• ASSIGNED TASK: Nothing outside the lines below from the one containing "Digital mockup: front" through the one containing "Hoodie Uzumaki Naruto" is to be printed; print those exactly, ends included, and drop the pictures.

• DATA:

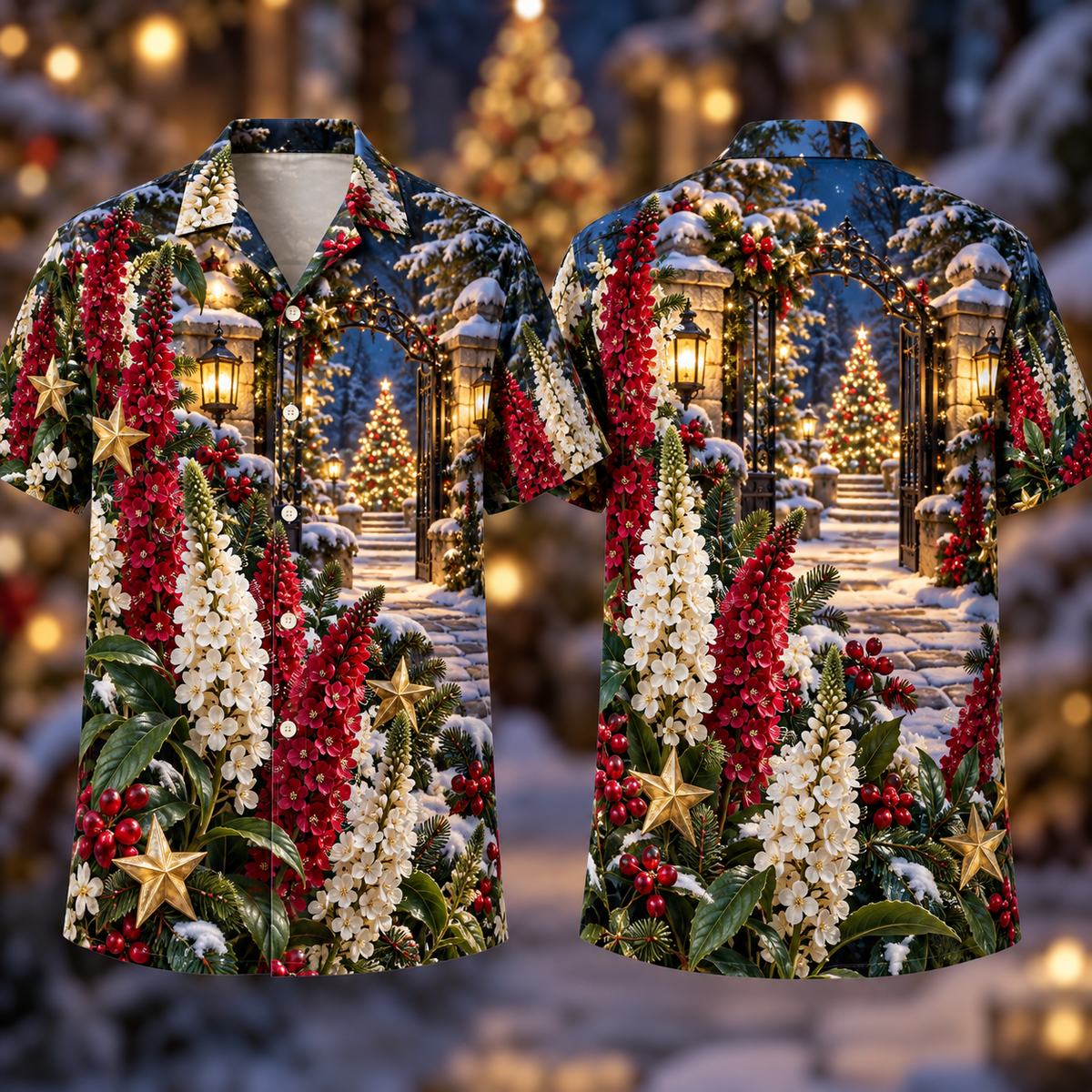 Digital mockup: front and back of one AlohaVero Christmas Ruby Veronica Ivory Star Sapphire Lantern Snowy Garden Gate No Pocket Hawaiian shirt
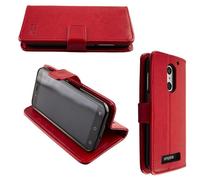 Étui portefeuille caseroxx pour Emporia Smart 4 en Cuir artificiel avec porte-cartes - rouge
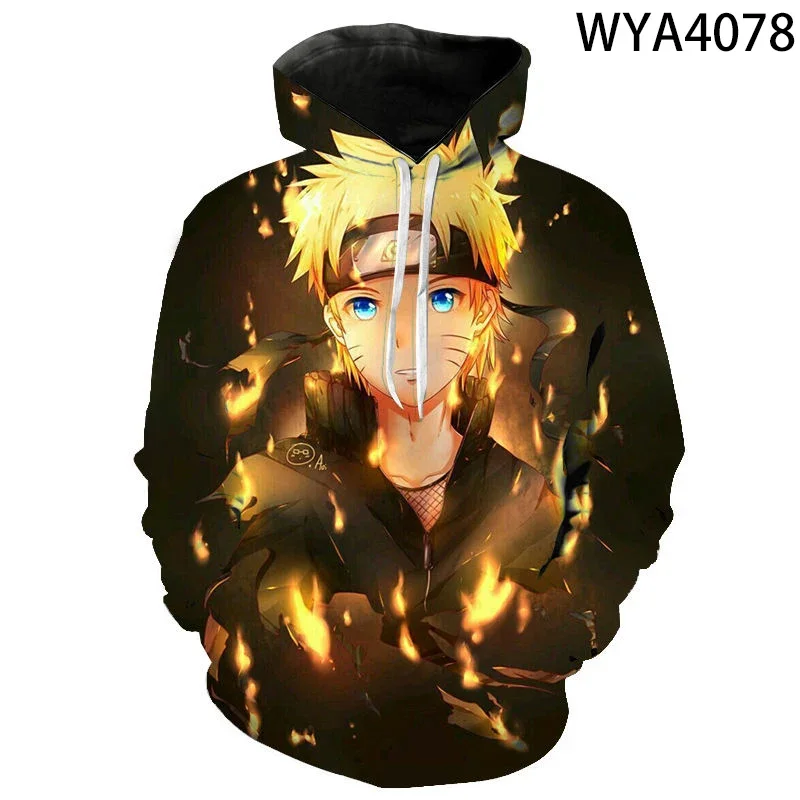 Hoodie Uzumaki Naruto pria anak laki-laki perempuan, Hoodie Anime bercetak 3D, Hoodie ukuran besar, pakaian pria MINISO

...

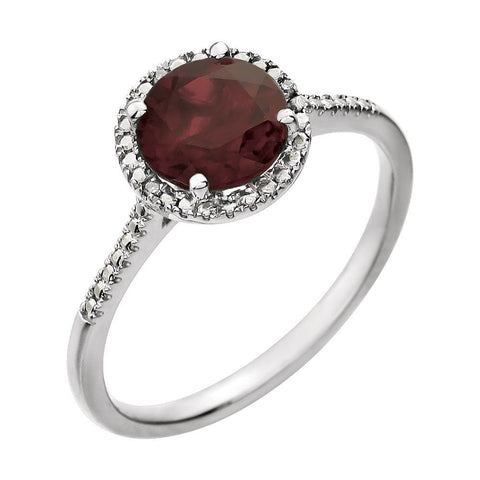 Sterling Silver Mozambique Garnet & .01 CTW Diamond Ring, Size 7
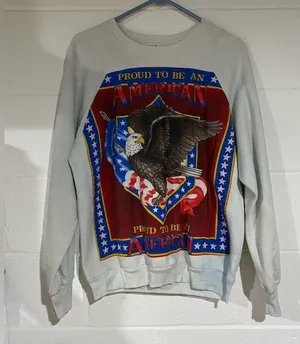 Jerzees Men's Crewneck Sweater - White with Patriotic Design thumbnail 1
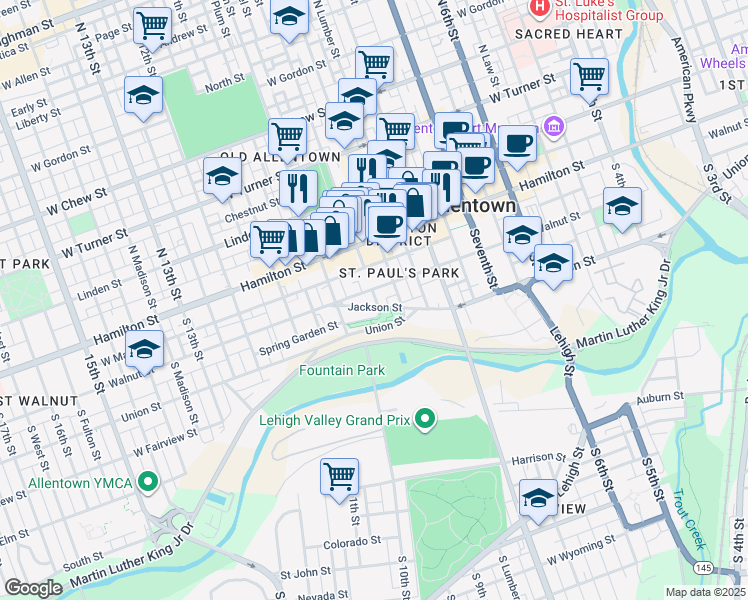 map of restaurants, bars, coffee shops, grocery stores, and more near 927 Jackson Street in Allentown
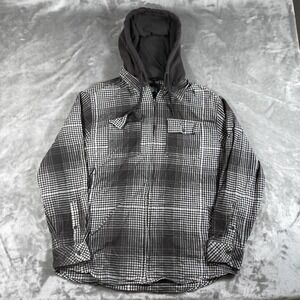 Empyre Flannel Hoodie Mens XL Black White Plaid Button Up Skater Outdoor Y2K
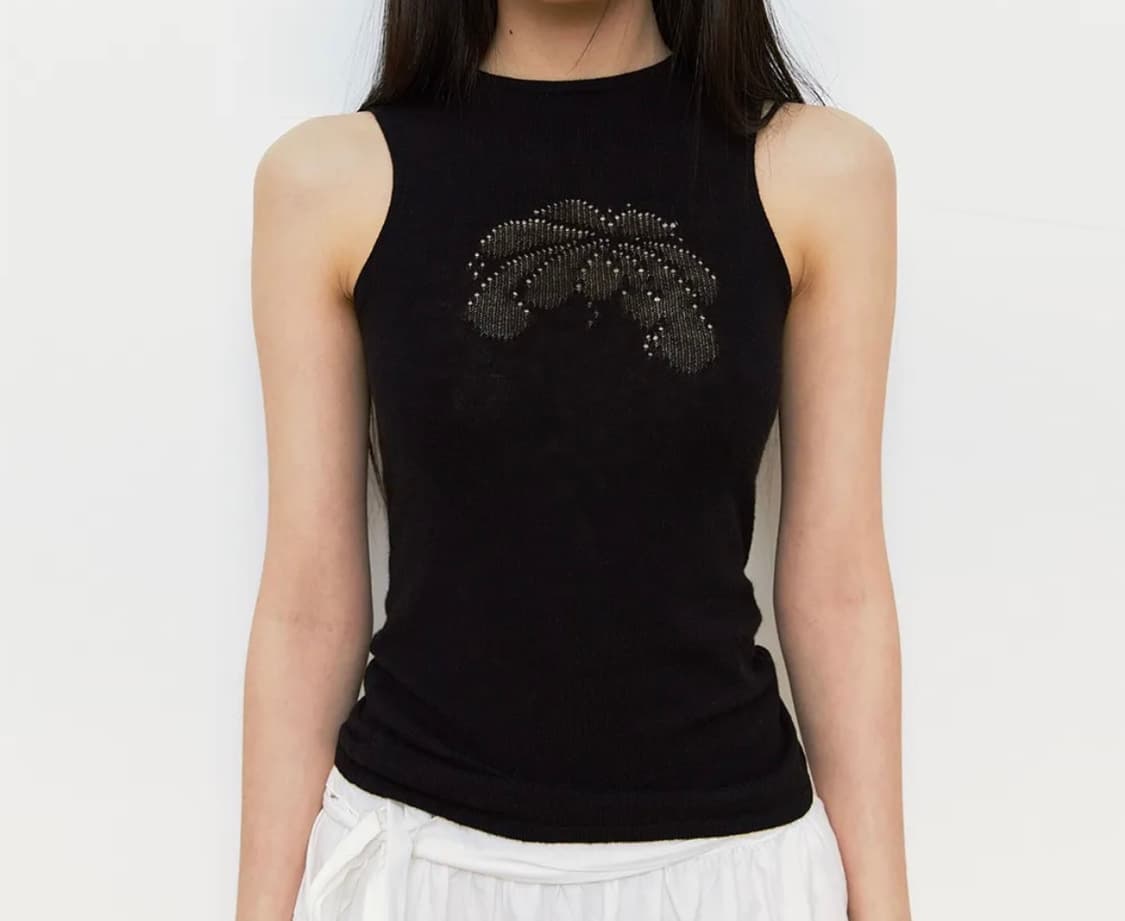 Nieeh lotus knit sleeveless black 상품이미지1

--

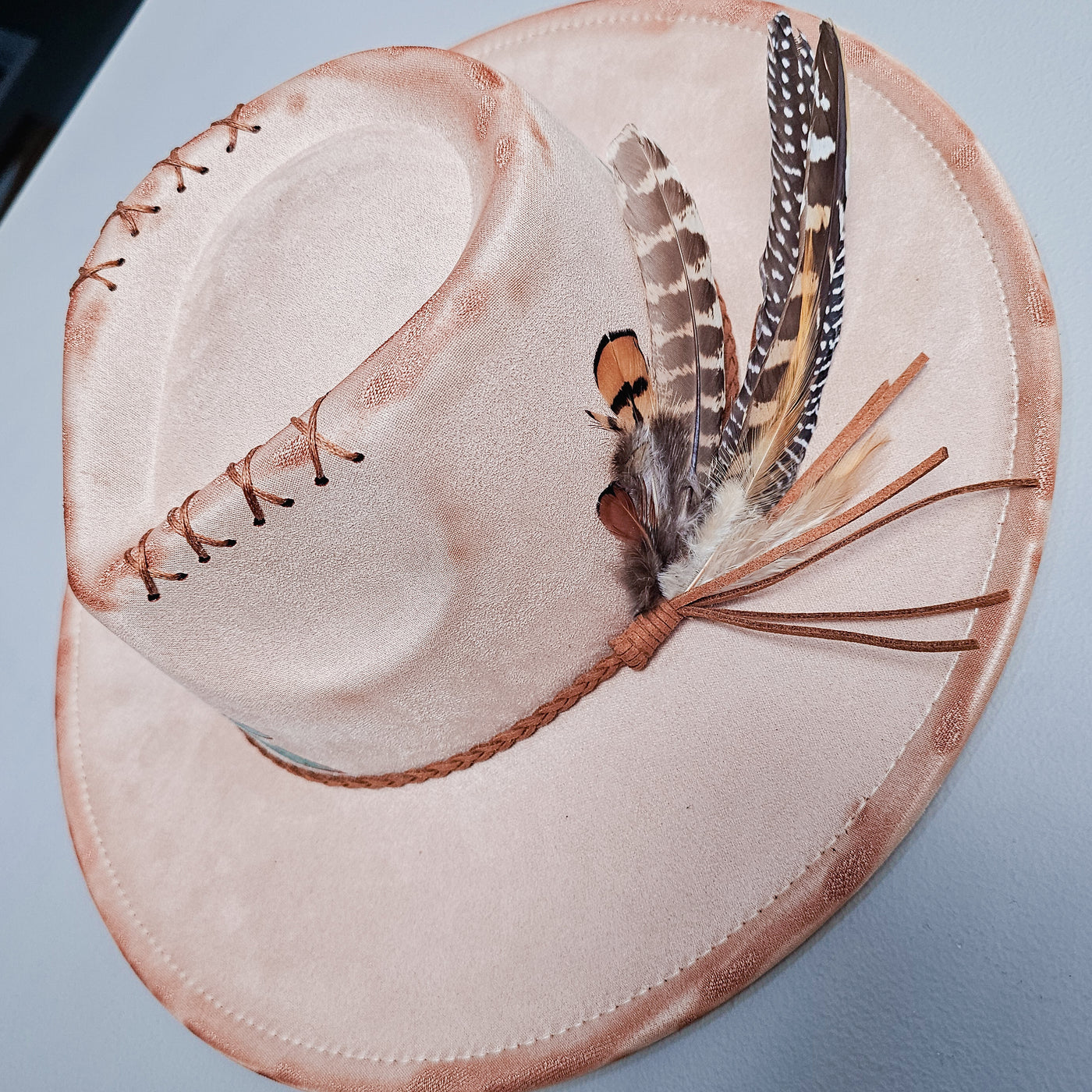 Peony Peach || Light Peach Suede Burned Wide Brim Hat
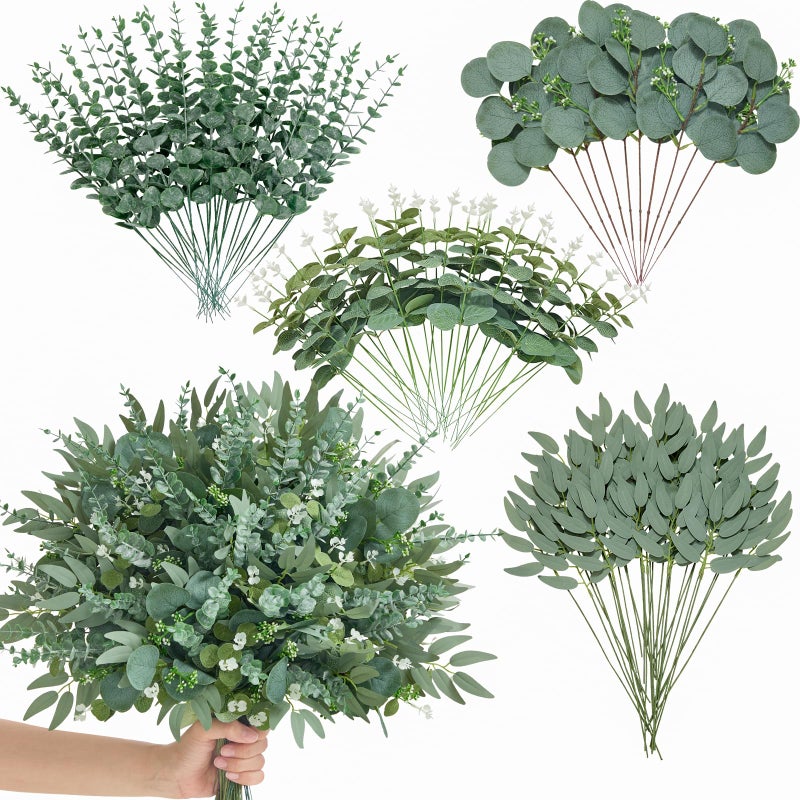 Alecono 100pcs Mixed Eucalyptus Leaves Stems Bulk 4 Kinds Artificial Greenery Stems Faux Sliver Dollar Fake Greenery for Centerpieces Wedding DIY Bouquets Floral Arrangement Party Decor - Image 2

• EXERCISE SOLUTION:
 Digital mockup: front and back of one AlohaVero Christmas Ruby Veronica Ivory Star Sapphire Lantern Snowy Garden Gate No Pocket Hawaiian shirt
 Étui portefeuille caseroxx pour Emporia Smart 4 en Cuir artificiel avec porte-cartes - rouge
 Hoodie Uzumaki Naruto pria anak laki-laki perempuan, Hoodie Anime bercetak 3D, Hoodie ukuran besar, pakaian pria MINISO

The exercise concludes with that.